What is needed: Please count the lines in this listing that include the string "Solid", and give only the number.

━━━━━ Entries provided

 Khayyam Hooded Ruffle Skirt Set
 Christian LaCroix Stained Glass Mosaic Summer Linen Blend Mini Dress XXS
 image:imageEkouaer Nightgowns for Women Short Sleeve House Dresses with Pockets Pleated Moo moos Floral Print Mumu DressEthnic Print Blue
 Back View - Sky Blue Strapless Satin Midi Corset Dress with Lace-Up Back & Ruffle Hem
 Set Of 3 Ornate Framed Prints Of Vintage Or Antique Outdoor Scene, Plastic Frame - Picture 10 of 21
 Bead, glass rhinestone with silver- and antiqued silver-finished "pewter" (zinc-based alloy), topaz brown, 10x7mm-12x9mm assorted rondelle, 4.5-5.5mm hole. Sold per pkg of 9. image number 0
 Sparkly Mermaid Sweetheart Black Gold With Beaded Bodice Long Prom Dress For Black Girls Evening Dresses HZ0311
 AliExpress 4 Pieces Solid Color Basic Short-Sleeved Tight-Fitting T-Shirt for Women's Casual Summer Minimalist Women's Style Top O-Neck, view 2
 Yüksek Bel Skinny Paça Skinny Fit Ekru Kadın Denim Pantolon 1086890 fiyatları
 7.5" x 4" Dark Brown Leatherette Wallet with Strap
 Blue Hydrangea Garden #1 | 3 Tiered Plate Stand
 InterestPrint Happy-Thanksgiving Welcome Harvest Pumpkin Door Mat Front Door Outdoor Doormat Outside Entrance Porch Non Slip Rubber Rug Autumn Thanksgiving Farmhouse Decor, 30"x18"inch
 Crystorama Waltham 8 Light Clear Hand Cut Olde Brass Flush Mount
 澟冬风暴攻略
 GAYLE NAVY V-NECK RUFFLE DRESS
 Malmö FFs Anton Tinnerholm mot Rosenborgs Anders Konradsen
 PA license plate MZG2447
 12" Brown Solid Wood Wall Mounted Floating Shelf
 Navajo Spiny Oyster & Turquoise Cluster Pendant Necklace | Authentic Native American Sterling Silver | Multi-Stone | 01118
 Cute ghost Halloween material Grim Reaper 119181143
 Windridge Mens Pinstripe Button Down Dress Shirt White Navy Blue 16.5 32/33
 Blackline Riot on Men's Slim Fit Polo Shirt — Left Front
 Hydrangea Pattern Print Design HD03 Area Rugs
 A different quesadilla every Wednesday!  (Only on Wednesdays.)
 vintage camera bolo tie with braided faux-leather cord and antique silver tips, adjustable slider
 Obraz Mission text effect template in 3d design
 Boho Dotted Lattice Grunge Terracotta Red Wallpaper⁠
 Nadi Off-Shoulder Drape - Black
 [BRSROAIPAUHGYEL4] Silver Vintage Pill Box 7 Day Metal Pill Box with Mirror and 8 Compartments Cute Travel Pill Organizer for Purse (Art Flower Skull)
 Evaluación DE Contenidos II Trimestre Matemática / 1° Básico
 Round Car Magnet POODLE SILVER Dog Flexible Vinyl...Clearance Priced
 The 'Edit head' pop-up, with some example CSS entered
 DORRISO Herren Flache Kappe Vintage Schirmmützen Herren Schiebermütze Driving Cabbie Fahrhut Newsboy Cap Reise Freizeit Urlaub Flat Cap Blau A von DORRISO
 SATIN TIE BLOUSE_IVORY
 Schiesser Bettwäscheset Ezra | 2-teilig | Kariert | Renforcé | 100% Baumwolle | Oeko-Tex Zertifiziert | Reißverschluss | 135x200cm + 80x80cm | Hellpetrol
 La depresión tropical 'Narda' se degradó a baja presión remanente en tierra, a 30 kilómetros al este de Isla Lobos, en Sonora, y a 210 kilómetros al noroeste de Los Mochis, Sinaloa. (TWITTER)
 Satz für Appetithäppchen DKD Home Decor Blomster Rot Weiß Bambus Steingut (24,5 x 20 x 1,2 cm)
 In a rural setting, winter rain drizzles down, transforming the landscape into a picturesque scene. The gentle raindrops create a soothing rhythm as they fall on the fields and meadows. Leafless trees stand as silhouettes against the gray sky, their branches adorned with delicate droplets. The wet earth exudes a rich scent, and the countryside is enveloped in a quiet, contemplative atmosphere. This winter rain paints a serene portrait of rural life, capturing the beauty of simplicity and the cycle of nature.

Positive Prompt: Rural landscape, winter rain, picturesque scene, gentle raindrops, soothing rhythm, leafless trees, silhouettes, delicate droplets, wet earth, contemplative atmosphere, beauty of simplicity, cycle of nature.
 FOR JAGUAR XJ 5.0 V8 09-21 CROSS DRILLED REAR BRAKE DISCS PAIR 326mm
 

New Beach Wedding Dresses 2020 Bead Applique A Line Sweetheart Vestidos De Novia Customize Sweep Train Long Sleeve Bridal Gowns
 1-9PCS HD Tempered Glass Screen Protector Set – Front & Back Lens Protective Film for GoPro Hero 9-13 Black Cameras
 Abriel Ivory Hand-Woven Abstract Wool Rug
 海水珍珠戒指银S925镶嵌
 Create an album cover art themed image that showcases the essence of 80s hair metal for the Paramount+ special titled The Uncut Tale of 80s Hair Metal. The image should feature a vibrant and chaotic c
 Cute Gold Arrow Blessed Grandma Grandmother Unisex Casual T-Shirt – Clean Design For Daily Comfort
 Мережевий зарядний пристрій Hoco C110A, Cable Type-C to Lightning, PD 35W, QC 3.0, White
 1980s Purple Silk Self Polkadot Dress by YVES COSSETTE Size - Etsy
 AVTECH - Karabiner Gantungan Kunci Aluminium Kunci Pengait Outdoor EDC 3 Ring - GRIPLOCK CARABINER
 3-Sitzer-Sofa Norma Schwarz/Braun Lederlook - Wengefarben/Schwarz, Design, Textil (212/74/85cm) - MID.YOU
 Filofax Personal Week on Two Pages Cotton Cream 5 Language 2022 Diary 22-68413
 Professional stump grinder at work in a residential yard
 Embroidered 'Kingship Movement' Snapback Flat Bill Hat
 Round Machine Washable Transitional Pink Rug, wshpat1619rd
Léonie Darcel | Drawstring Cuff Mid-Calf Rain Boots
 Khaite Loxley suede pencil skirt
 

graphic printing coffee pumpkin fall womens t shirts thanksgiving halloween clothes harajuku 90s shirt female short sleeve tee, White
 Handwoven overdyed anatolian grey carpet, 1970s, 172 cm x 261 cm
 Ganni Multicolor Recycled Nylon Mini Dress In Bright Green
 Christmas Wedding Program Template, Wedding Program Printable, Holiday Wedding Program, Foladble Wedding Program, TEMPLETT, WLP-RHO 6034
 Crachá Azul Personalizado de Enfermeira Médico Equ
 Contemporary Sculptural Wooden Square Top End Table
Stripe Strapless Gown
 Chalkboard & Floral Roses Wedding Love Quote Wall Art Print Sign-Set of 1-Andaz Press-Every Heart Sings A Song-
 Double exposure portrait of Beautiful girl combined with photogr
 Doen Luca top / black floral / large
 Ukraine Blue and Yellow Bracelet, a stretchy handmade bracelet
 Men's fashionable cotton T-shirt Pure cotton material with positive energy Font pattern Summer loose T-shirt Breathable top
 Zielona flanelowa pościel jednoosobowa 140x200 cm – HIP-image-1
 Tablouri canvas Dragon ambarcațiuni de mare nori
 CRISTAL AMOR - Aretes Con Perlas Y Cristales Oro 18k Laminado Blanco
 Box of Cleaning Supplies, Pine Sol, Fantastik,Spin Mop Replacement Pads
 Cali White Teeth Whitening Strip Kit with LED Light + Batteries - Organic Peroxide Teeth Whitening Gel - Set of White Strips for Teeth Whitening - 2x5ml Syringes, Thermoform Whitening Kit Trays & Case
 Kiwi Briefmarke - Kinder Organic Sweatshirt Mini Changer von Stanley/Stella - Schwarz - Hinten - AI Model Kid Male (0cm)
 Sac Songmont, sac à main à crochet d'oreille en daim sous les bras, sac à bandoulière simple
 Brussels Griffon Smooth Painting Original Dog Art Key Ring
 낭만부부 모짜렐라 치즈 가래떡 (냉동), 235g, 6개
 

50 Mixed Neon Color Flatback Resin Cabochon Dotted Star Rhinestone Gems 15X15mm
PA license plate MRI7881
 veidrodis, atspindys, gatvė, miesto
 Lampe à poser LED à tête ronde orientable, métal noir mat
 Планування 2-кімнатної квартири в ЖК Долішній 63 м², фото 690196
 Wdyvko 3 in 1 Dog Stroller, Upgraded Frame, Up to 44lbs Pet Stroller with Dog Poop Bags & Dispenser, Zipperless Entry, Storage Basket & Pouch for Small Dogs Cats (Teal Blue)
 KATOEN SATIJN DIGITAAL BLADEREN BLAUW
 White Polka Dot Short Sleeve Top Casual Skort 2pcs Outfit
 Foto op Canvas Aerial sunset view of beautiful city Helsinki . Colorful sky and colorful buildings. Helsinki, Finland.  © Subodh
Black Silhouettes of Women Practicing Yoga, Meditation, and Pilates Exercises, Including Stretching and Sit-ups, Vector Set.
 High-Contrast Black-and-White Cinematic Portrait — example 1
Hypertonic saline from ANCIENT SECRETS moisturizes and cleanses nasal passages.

━━━━━━━━━━

Solution for this exercise: 2